Members of the media and die hard fanatics of Seth MacFarlane’s shows recently got a chance to attend a confernce call with Seth and ask a few questions regarding an planned Animation Domination crossover event, as well as other questions never asked before.
Who are your favorite characters voice among the shows you produce?
As far as character voices, you know, Brian is probably my favorite voice to do because I don’t leave the record booth sweating. Most of the other characters, such as Stewie and Peter and, particularly, Stan (American Dad) require such a large amount of wind that I often times will need to take a nap after recording a show. It’s sorta the equivalent of doing an entire day of normal performing condensed into about an hour and a half, so it can be very exhausting. So certainly, you know, Brian’s voice gives me a little bit of a break, which is always nice.
How did you actually come up with this crossover episode event?
The concept of the hurricane trilogy dates back, I suppose, to the theme nights of the 1980s where you have three or four sitcoms in a row, and there would be a theme kind of interwoven into each one, making for a very cohesive, hopefully fun, special night of TV.
It was something we discussed that Kevin Reilly brought up to us and said, hey, we haven’t really seen this kind of thing on television in a while it might be kinda cool.
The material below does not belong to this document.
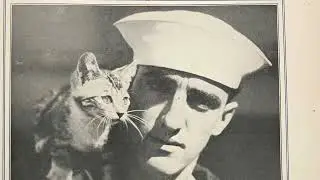 CATS IN THE NAVY book trailer
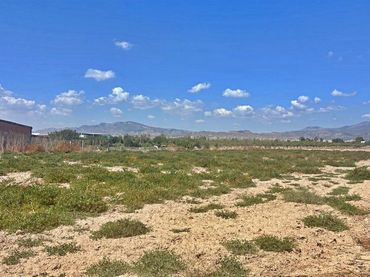 Terreno rustico in vendita a Totana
So, we went back and came up with this idea of a hurricane that is kind of blasting its way through all three towns and you know there were talks initially of doing a crossover with all the characters from all the shows which does play a part in this, but it became a little bit of a conundrum because you have three different staffs, each of whom is used to writing three different sets of characters and there is no way to blend them altogether without, you know, without affecting the other episodes so it was a little bit of a challenge.
But this idea of an outside force that kind of sweeps its way through all three shows linking them together seemed like kind of a cool way to accomplish that and it does, as I said, taken back to the theme nights of the 1980s.
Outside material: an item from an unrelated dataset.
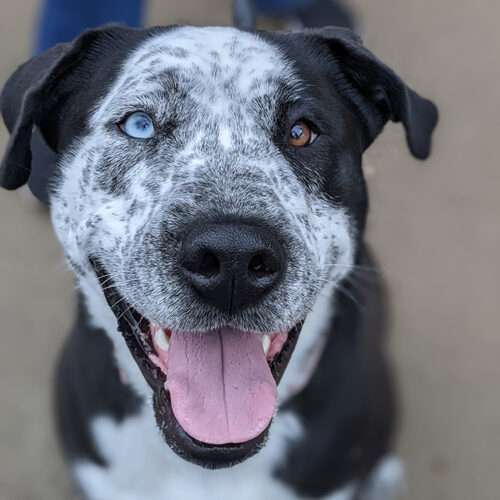 Zulu, an adoptable Staffordshire Bull Terrier, Husky in Minneapolis, MN, 55407 | Photo Image 2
Is it true that it was between Cleveland and Quagmire having a spinoff show; and, if so, what made you choose Cleveland?
Yeah, you know, not really. It was never really a serious discussion to give Quagmire his own show. Mainly because as a character, Quagmire is much better as an incidental character. He is much better as a side character. It allows him to be a little more conscience free, which makes him funnier. Cleveland had much more obvious potential to be a character really able to sustain his own show. He was much more dimensional. He had more heart to him. He was a guy that you could believably see, you know, having a heart moment or solving an ethical dilemma at the end of each episode.
Quagmire, it would change him too much. You know, I seem to remember people making that observation about Joey when that show came out, that the character was just different than he was on Friends. Part of that is that you really do have to construct a character in a different way when he is driving a series, and not just a side character there to deliver jokes. And it would of fundamentally changed Quagmire’s character.